L'dea dell'Armageddon è di quelle che più hanno infiammato nei secoli l'immagina inazione dei fantasiosi, a cominciare da quella degli scrittori "apocalittici"
Cosa c'è di meglio infatti per riempire le pagine di un romanzo di successo, che strizzare l'occhio agli antichi scrittori di cose sacre, scopiazzando da loro quinti, sesti e settimi sigilli, Anticristi e cavalcanti dell'Apocalisse?

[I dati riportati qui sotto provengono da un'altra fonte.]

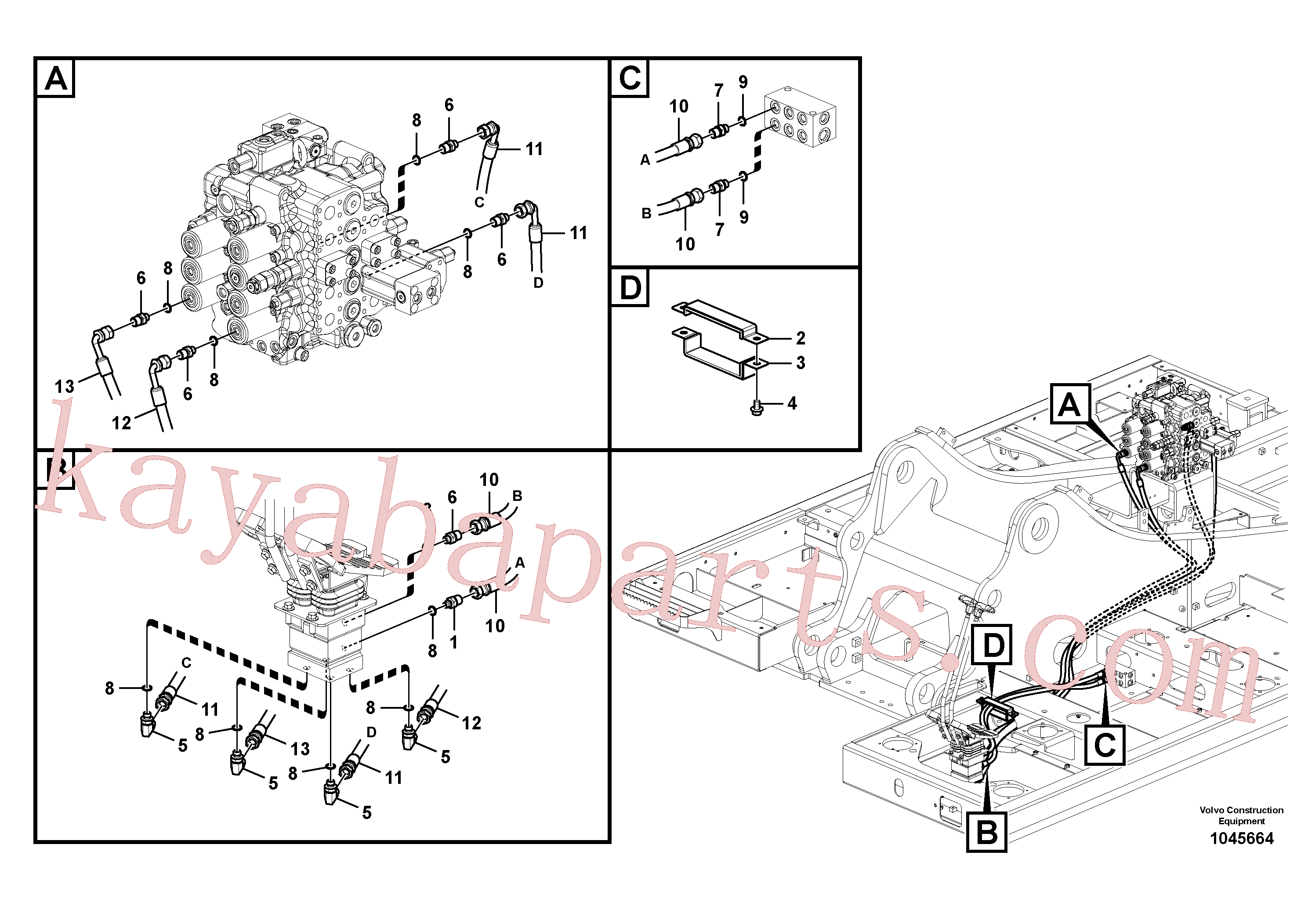 SA9451-03223 for Volvo Servo system, control valve to remote control valve pedal(1045664 assembly)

Certo, un conto è poi se a farlo è Ingmar Bergman, tutt'altro conto se ci prova Pincopallino, ma queste sono quisquilie che il benevolo fruitore di massa perdona facilmente.

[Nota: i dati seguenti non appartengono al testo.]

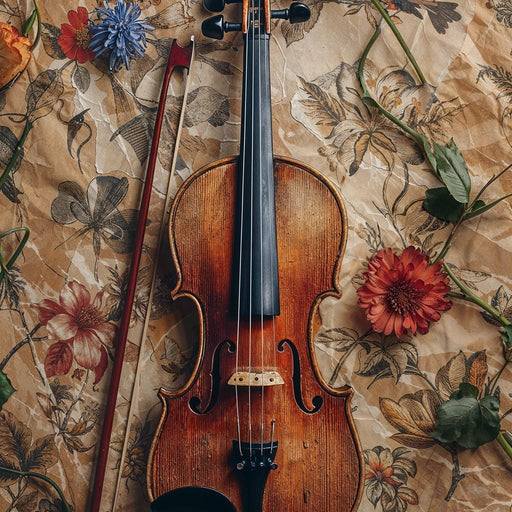 Violin Strings and Floral Notes Canvas Print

Il problema però è come al solito un altro, di fondo. Ossia l'idea errata che l'Armageddon sia un evento puntiforme nel tempo, con un inizio, un durante e una fine circoscritti a poche settimane se non giorni. Il romanziere tende a farlo credere, per una pura esigenza di foliazione e di sedicesimi a stampa, ma è un falso clamoroso. In realtà esso è un processo di lungo periodo, per il cui completamento sono necessari anni e anni e generazioni e generazioni.
Insomma distruggere il mondo è un lavoro lungo e faticoso, e non bastano un demoniaco condottiero e quattro cavallerizzi a zonzo. Occorre che ognuno di noi si dia da fare per quel che può, con metodo e tenacia, per aiutare l'avanzamento della macchina.